Start of Supplied records
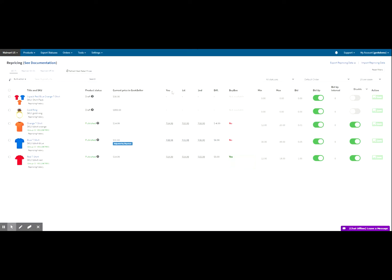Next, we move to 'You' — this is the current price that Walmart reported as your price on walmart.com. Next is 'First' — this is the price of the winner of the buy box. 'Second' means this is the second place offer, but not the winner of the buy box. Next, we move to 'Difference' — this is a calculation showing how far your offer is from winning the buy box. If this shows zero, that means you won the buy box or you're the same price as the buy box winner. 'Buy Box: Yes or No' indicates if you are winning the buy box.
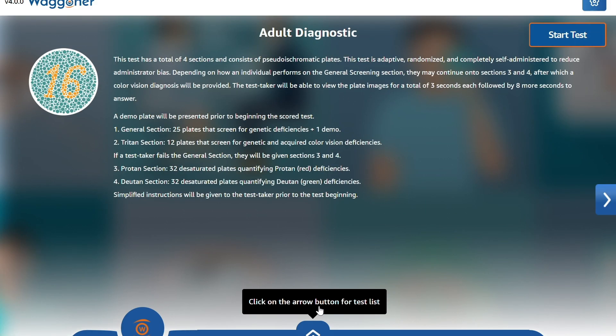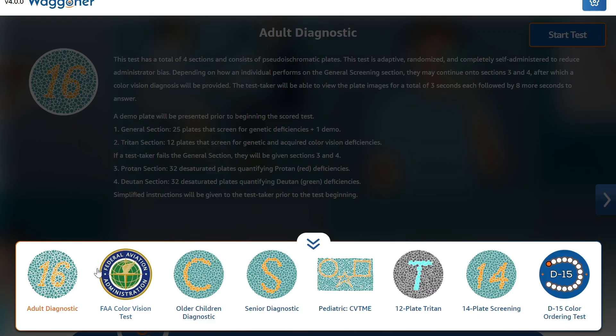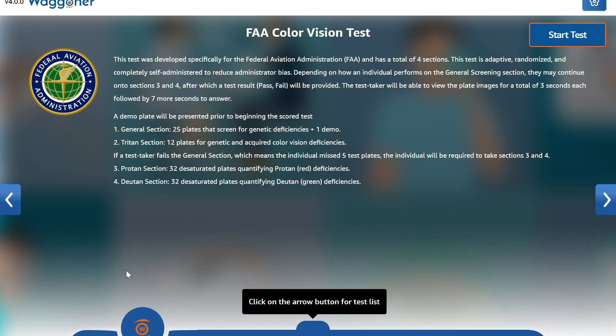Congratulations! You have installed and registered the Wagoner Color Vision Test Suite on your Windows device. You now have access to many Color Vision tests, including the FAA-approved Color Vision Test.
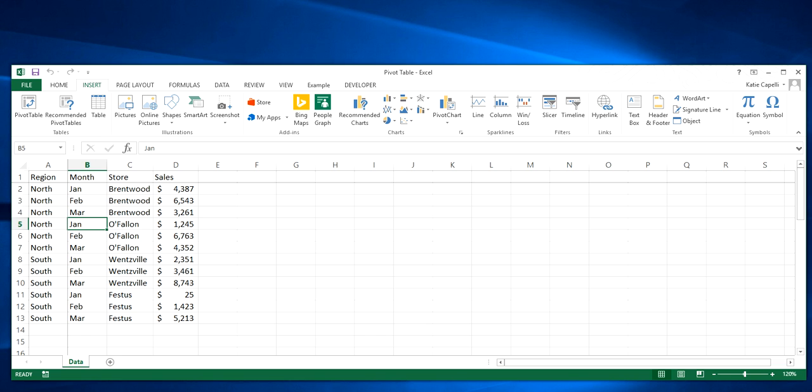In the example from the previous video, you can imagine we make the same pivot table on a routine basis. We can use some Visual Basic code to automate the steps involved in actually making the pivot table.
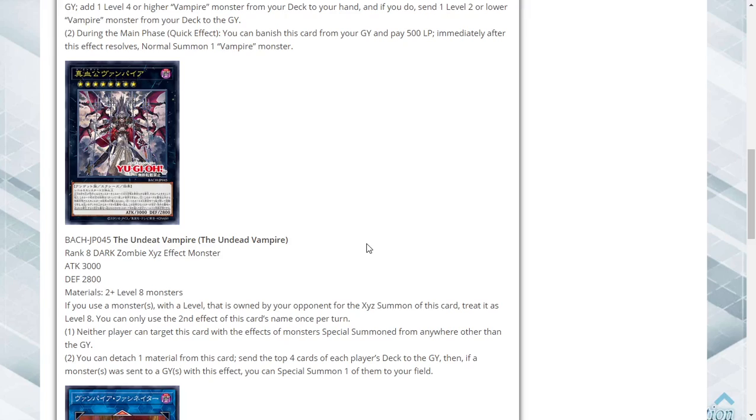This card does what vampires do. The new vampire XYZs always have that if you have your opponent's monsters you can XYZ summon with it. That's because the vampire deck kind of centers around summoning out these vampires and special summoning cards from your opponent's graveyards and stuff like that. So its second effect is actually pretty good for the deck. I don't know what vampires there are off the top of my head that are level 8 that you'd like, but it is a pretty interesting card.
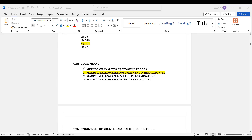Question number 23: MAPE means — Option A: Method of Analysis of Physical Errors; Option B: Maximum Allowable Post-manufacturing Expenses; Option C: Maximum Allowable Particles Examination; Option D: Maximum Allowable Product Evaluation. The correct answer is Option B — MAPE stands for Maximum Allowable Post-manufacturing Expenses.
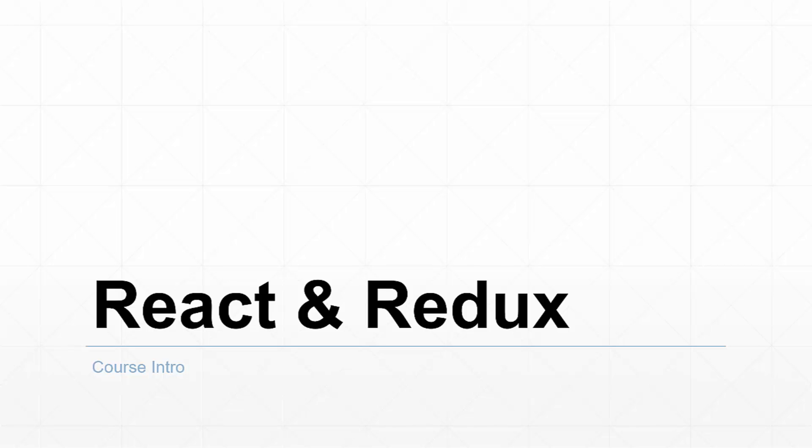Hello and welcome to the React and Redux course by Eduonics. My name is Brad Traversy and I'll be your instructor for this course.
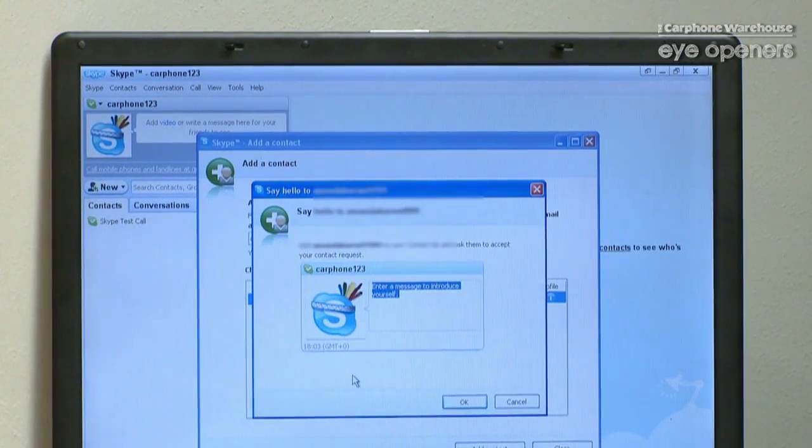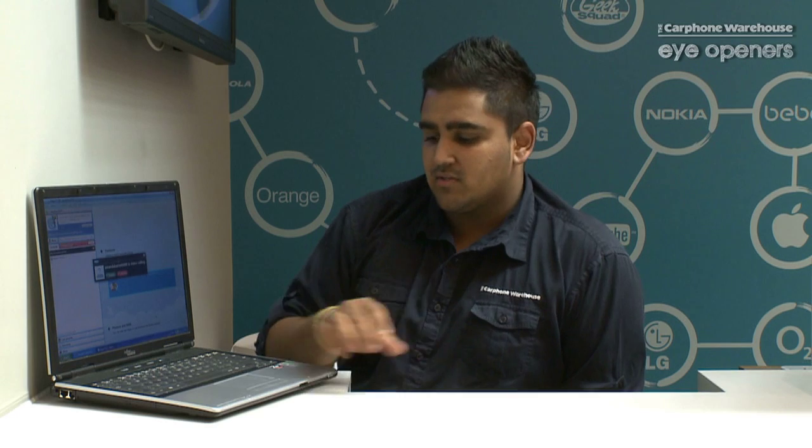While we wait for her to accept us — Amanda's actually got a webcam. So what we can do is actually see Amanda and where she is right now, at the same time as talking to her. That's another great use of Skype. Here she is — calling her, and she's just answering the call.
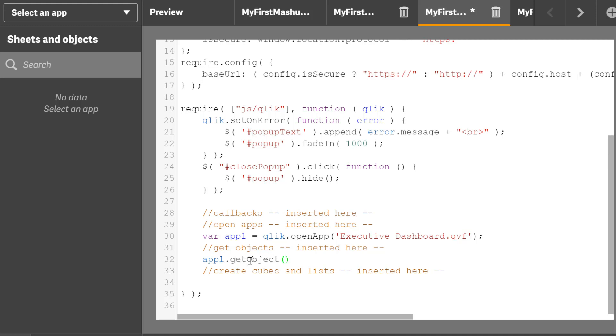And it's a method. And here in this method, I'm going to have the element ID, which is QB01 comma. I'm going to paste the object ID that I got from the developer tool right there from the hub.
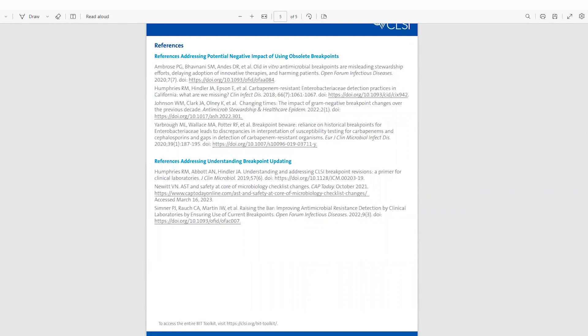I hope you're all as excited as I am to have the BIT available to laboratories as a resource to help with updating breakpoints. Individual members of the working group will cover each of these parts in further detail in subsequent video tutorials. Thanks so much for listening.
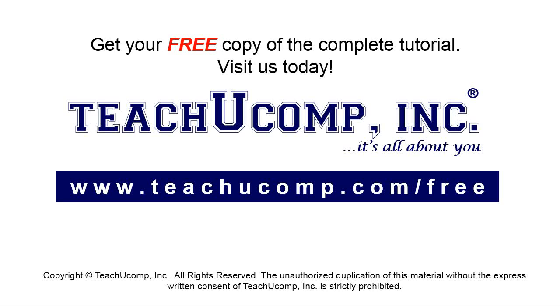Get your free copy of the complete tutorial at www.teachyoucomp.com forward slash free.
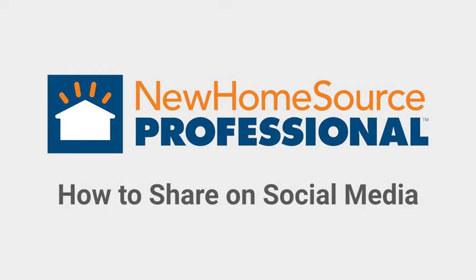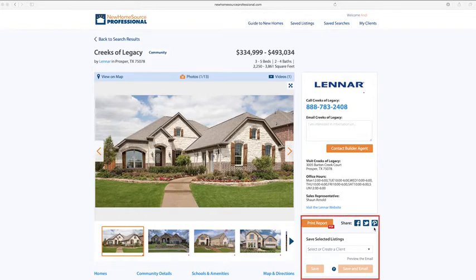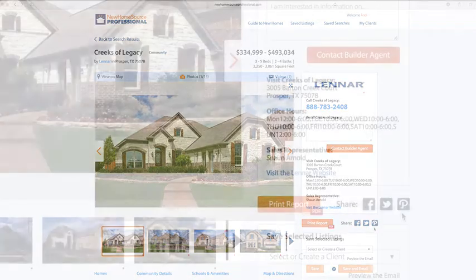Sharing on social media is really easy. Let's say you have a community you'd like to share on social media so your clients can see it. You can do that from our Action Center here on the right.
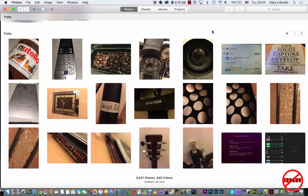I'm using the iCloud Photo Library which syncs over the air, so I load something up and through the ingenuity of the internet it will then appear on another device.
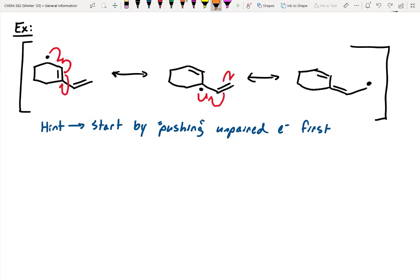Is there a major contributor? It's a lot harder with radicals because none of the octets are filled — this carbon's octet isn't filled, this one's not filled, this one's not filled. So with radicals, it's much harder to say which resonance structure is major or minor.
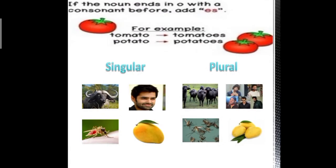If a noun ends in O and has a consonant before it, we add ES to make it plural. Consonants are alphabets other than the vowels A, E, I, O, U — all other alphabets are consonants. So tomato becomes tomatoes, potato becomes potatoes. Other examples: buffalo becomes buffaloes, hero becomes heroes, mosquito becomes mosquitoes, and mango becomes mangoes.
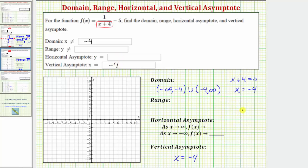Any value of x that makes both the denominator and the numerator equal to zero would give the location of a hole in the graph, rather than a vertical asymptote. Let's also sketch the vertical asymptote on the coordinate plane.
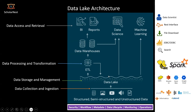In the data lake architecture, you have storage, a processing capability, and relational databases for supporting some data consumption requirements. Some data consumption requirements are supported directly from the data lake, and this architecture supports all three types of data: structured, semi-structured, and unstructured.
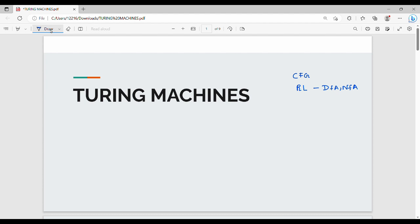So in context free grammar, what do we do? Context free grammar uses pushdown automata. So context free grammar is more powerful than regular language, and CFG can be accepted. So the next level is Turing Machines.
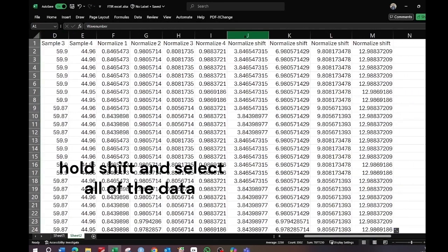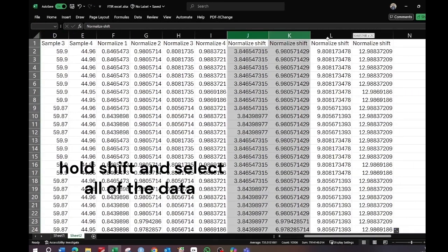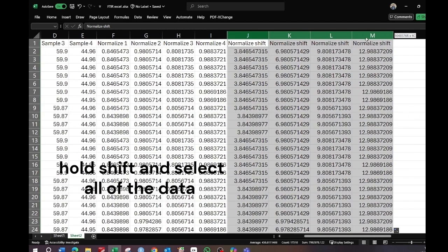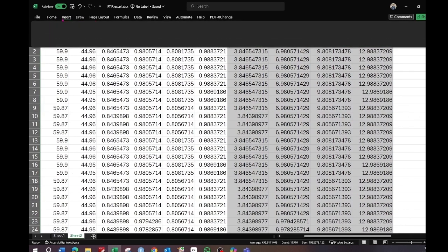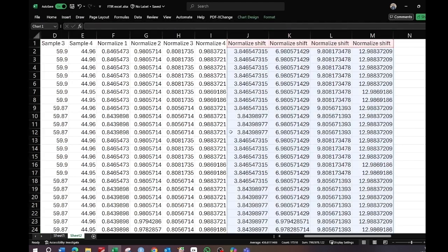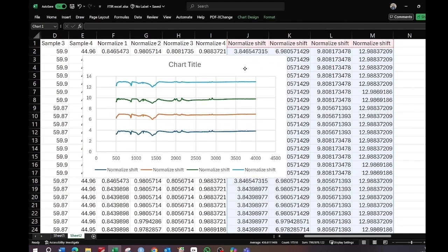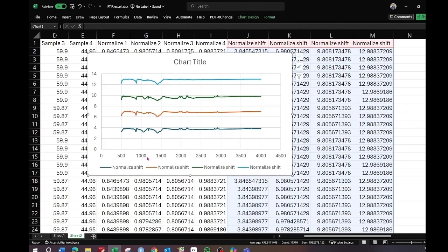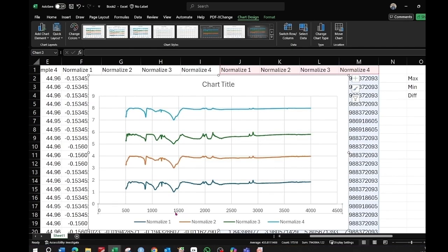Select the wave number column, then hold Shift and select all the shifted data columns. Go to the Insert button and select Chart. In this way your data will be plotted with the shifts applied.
End of Supplied records
-- Work instruction --
Produce an exact copy of the records above, leaving out the pictures.

-- Reply to the task --
Next, we move to 'You' — this is the current price that Walmart reported as your price on walmart.com. Next is 'First' — this is the price of the winner of the buy box. 'Second' means this is the second place offer, but not the winner of the buy box. Next, we move to 'Difference' — this is a calculation showing how far your offer is from winning the buy box. If this shows zero, that means you won the buy box or you're the same price as the buy box winner. 'Buy Box: Yes or No' indicates if you are winning the buy box.
Congratulations! You have installed and registered the Wagoner Color Vision Test Suite on your Windows device. You now have access to many Color Vision tests, including the FAA-approved Color Vision Test.
In the example from the previous video, you can imagine we make the same pivot table on a routine basis. We can use some Visual Basic code to automate the steps involved in actually making the pivot table.
This card does what vampires do. The new vampire XYZs always have that if you have your opponent's monsters you can XYZ summon with it. That's because the vampire deck kind of centers around summoning out these vampires and special summoning cards from your opponent's graveyards and stuff like that. So its second effect is actually pretty good for the deck. I don't know what vampires there are off the top of my head that are level 8 that you'd like, but it is a pretty interesting card.
Question number 23: MAPE means — Option A: Method of Analysis of Physical Errors; Option B: Maximum Allowable Post-manufacturing Expenses; Option C: Maximum Allowable Particles Examination; Option D: Maximum Allowable Product Evaluation. The correct answer is Option B — MAPE stands for Maximum Allowable Post-manufacturing Expenses.
Hello and welcome to the React and Redux course by Eduonics. My name is Brad Traversy and I'll be your instructor for this course.
While we wait for her to accept us — Amanda's actually got a webcam. So what we can do is actually see Amanda and where she is right now, at the same time as talking to her. That's another great use of Skype. Here she is — calling her, and she's just answering the call.
And it's a method. And here in this method, I'm going to have the element ID, which is QB01 comma. I'm going to paste the object ID that I got from the developer tool right there from the hub.
I hope you're all as excited as I am to have the BIT available to laboratories as a resource to help with updating breakpoints. Individual members of the working group will cover each of these parts in further detail in subsequent video tutorials. Thanks so much for listening.
Get your free copy of the complete tutorial at www.teachyoucomp.com forward slash free.
Sharing on social media is really easy. Let's say you have a community you'd like to share on social media so your clients can see it. You can do that from our Action Center here on the right.
I'm using the iCloud Photo Library which syncs over the air, so I load something up and through the ingenuity of the internet it will then appear on another device.
Is there a major contributor? It's a lot harder with radicals because none of the octets are filled — this carbon's octet isn't filled, this one's not filled, this one's not filled. So with radicals, it's much harder to say which resonance structure is major or minor.
If a noun ends in O and has a consonant before it, we add ES to make it plural. Consonants are alphabets other than the vowels A, E, I, O, U — all other alphabets are consonants. So tomato becomes tomatoes, potato becomes potatoes. Other examples: buffalo becomes buffaloes, hero becomes heroes, mosquito becomes mosquitoes, and mango becomes mangoes.
Any value of x that makes both the denominator and the numerator equal to zero would give the location of a hole in the graph, rather than a vertical asymptote. Let's also sketch the vertical asymptote on the coordinate plane.
In the data lake architecture, you have storage, a processing capability, and relational databases for supporting some data consumption requirements. Some data consumption requirements are supported directly from the data lake, and this architecture supports all three types of data: structured, semi-structured, and unstructured.
So in context free grammar, what do we do? Context free grammar uses pushdown automata. So context free grammar is more powerful than regular language, and CFG can be accepted. So the next level is Turing Machines.
Select the wave number column, then hold Shift and select all the shifted data columns. Go to the Insert button and select Chart. In this way your data will be plotted with the shifts applied.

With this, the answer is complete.